Exercise description:
Write the entries out again. Every character must match.
── Working data ──
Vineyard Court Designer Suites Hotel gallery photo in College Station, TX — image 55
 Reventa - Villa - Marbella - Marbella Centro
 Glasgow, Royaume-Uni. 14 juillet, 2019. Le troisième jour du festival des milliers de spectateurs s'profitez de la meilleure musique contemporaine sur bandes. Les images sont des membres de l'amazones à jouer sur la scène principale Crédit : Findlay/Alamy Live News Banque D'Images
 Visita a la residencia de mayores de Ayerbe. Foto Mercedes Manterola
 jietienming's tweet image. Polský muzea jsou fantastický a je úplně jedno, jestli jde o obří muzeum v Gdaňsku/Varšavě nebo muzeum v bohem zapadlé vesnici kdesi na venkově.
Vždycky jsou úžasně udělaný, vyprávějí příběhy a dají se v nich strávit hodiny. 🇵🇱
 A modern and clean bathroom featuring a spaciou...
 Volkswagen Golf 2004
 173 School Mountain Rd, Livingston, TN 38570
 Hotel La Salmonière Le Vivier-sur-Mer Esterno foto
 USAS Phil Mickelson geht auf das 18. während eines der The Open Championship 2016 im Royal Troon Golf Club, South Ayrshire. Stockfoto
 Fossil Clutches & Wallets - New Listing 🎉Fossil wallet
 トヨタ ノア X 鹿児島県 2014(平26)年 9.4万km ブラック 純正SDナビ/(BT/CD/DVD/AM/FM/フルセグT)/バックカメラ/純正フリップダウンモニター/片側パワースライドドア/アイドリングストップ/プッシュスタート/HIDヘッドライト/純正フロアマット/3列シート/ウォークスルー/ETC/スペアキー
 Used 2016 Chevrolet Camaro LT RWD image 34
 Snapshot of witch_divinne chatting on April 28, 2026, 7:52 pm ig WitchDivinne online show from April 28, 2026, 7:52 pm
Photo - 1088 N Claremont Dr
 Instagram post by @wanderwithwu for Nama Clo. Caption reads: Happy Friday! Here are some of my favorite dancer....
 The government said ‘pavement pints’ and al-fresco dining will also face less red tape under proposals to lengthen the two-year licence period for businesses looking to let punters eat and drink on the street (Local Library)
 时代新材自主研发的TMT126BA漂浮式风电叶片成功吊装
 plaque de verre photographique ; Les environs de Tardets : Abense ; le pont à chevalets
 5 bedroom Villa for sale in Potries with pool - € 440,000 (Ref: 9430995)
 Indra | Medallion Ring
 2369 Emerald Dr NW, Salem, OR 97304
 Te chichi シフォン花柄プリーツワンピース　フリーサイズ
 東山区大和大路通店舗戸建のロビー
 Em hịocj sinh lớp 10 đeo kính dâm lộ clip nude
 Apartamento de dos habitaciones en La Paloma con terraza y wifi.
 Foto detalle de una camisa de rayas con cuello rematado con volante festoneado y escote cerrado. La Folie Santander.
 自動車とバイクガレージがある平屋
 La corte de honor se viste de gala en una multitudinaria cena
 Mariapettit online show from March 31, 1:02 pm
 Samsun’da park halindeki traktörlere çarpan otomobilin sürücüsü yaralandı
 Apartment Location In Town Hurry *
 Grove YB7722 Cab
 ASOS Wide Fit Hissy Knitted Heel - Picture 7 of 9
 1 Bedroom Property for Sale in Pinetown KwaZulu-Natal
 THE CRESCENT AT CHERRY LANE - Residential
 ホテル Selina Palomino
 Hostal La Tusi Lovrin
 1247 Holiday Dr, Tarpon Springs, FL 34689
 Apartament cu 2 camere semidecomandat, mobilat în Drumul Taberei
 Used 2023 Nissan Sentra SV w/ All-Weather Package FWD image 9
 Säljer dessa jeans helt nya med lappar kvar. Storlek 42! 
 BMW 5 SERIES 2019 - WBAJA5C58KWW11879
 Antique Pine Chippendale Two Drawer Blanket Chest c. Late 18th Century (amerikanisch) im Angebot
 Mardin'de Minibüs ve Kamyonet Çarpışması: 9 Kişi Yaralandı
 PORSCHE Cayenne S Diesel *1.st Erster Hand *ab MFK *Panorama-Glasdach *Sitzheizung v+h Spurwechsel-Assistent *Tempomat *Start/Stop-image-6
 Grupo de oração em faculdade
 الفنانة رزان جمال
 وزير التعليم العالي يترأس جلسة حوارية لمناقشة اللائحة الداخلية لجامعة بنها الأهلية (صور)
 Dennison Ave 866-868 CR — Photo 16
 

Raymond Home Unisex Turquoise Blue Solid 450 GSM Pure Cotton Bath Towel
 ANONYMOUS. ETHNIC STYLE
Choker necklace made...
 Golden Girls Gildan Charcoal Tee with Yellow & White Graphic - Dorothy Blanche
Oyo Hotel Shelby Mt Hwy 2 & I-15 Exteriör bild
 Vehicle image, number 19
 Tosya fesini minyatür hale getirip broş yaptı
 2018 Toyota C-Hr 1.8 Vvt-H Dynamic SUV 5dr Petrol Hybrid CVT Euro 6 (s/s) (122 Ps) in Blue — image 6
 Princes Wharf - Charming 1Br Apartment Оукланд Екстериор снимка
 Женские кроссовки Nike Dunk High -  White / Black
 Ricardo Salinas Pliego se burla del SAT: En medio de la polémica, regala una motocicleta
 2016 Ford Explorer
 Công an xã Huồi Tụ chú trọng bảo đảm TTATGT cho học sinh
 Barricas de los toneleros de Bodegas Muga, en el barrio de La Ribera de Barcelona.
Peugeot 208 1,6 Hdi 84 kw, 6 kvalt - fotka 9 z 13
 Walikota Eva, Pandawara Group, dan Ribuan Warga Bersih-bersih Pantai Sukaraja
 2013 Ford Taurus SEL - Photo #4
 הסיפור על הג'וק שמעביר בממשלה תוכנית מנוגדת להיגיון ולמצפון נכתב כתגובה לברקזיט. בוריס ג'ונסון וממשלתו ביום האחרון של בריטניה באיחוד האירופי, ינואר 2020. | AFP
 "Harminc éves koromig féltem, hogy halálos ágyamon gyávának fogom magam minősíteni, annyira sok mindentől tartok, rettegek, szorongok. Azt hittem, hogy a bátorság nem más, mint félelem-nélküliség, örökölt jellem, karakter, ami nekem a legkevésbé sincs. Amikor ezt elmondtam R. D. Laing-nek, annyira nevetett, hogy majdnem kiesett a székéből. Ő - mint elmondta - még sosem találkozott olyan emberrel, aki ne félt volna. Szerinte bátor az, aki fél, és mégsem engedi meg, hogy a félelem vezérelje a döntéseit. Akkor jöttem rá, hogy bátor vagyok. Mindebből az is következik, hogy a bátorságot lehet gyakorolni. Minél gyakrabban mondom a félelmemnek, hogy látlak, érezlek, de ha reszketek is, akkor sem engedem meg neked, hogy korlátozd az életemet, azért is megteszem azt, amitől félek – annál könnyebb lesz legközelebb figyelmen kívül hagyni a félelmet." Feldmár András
───
Result for this exercise:
Vineyard Court Designer Suites Hotel gallery photo in College Station, TX — image 55
 Reventa - Villa - Marbella - Marbella Centro
 Glasgow, Royaume-Uni. 14 juillet, 2019. Le troisième jour du festival des milliers de spectateurs s'profitez de la meilleure musique contemporaine sur bandes. Les images sont des membres de l'amazones à jouer sur la scène principale Crédit : Findlay/Alamy Live News Banque D'Images
 Visita a la residencia de mayores de Ayerbe. Foto Mercedes Manterola
 jietienming's tweet image. Polský muzea jsou fantastický a je úplně jedno, jestli jde o obří muzeum v Gdaňsku/Varšavě nebo muzeum v bohem zapadlé vesnici kdesi na venkově.
Vždycky jsou úžasně udělaný, vyprávějí příběhy a dají se v nich strávit hodiny. 🇵🇱
 A modern and clean bathroom featuring a spaciou...
 Volkswagen Golf 2004
 173 School Mountain Rd, Livingston, TN 38570
 Hotel La Salmonière Le Vivier-sur-Mer Esterno foto
 USAS Phil Mickelson geht auf das 18. während eines der The Open Championship 2016 im Royal Troon Golf Club, South Ayrshire. Stockfoto
 Fossil Clutches & Wallets - New Listing 🎉Fossil wallet
 トヨタ ノア X 鹿児島県 2014(平26)年 9.4万km ブラック 純正SDナビ/(BT/CD/DVD/AM/FM/フルセグT)/バックカメラ/純正フリップダウンモニター/片側パワースライドドア/アイドリングストップ/プッシュスタート/HIDヘッドライト/純正フロアマット/3列シート/ウォークスルー/ETC/スペアキー
 Used 2016 Chevrolet Camaro LT RWD image 34
 Snapshot of witch_divinne chatting on April 28, 2026, 7:52 pm ig WitchDivinne online show from April 28, 2026, 7:52 pm
Photo - 1088 N Claremont Dr
 Instagram post by @wanderwithwu for Nama Clo. Caption reads: Happy Friday! Here are some of my favorite dancer....
 The government said ‘pavement pints’ and al-fresco dining will also face less red tape under proposals to lengthen the two-year licence period for businesses looking to let punters eat and drink on the street (Local Library)
 时代新材自主研发的TMT126BA漂浮式风电叶片成功吊装
 plaque de verre photographique ; Les environs de Tardets : Abense ; le pont à chevalets
 5 bedroom Villa for sale in Potries with pool - € 440,000 (Ref: 9430995)
 Indra | Medallion Ring
 2369 Emerald Dr NW, Salem, OR 97304
 Te chichi シフォン花柄プリーツワンピース　フリーサイズ
 東山区大和大路通店舗戸建のロビー
 Em hịocj sinh lớp 10 đeo kính dâm lộ clip nude
 Apartamento de dos habitaciones en La Paloma con terraza y wifi.
 Foto detalle de una camisa de rayas con cuello rematado con volante festoneado y escote cerrado. La Folie Santander.
 自動車とバイクガレージがある平屋
 La corte de honor se viste de gala en una multitudinaria cena
 Mariapettit online show from March 31, 1:02 pm
 Samsun’da park halindeki traktörlere çarpan otomobilin sürücüsü yaralandı
 Apartment Location In Town Hurry *
 Grove YB7722 Cab
 ASOS Wide Fit Hissy Knitted Heel - Picture 7 of 9
 1 Bedroom Property for Sale in Pinetown KwaZulu-Natal
 THE CRESCENT AT CHERRY LANE - Residential
 ホテル Selina Palomino
 Hostal La Tusi Lovrin
 1247 Holiday Dr, Tarpon Springs, FL 34689
 Apartament cu 2 camere semidecomandat, mobilat în Drumul Taberei
 Used 2023 Nissan Sentra SV w/ All-Weather Package FWD image 9
 Säljer dessa jeans helt nya med lappar kvar. Storlek 42! 
 BMW 5 SERIES 2019 - WBAJA5C58KWW11879
 Antique Pine Chippendale Two Drawer Blanket Chest c. Late 18th Century (amerikanisch) im Angebot
 Mardin'de Minibüs ve Kamyonet Çarpışması: 9 Kişi Yaralandı
 PORSCHE Cayenne S Diesel *1.st Erster Hand *ab MFK *Panorama-Glasdach *Sitzheizung v+h Spurwechsel-Assistent *Tempomat *Start/Stop-image-6
 Grupo de oração em faculdade
 الفنانة رزان جمال
 وزير التعليم العالي يترأس جلسة حوارية لمناقشة اللائحة الداخلية لجامعة بنها الأهلية (صور)
 Dennison Ave 866-868 CR — Photo 16
 

Raymond Home Unisex Turquoise Blue Solid 450 GSM Pure Cotton Bath Towel
 ANONYMOUS. ETHNIC STYLE
Choker necklace made...
 Golden Girls Gildan Charcoal Tee with Yellow & White Graphic - Dorothy Blanche
Oyo Hotel Shelby Mt Hwy 2 & I-15 Exteriör bild
 Vehicle image, number 19
 Tosya fesini minyatür hale getirip broş yaptı
 2018 Toyota C-Hr 1.8 Vvt-H Dynamic SUV 5dr Petrol Hybrid CVT Euro 6 (s/s) (122 Ps) in Blue — image 6
 Princes Wharf - Charming 1Br Apartment Оукланд Екстериор снимка
 Женские кроссовки Nike Dunk High -  White / Black
 Ricardo Salinas Pliego se burla del SAT: En medio de la polémica, regala una motocicleta
 2016 Ford Explorer
 Công an xã Huồi Tụ chú trọng bảo đảm TTATGT cho học sinh
 Barricas de los toneleros de Bodegas Muga, en el barrio de La Ribera de Barcelona.
Peugeot 208 1,6 Hdi 84 kw, 6 kvalt - fotka 9 z 13
 Walikota Eva, Pandawara Group, dan Ribuan Warga Bersih-bersih Pantai Sukaraja
 2013 Ford Taurus SEL - Photo #4
 הסיפור על הג'וק שמעביר בממשלה תוכנית מנוגדת להיגיון ולמצפון נכתב כתגובה לברקזיט. בוריס ג'ונסון וממשלתו ביום האחרון של בריטניה באיחוד האירופי, ינואר 2020. | AFP
 "Harminc éves koromig féltem, hogy halálos ágyamon gyávának fogom magam minősíteni, annyira sok mindentől tartok, rettegek, szorongok. Azt hittem, hogy a bátorság nem más, mint félelem-nélküliség, örökölt jellem, karakter, ami nekem a legkevésbé sincs. Amikor ezt elmondtam R. D. Laing-nek, annyira nevetett, hogy majdnem kiesett a székéből. Ő - mint elmondta - még sosem találkozott olyan emberrel, aki ne félt volna. Szerinte bátor az, aki fél, és mégsem engedi meg, hogy a félelem vezérelje a döntéseit. Akkor jöttem rá, hogy bátor vagyok. Mindebből az is következik, hogy a bátorságot lehet gyakorolni. Minél gyakrabban mondom a félelmemnek, hogy látlak, érezlek, de ha reszketek is, akkor sem engedem meg neked, hogy korlátozd az életemet, azért is megteszem azt, amitől félek – annál könnyebb lesz legközelebb figyelmen kívül hagyni a félelmet." Feldmár András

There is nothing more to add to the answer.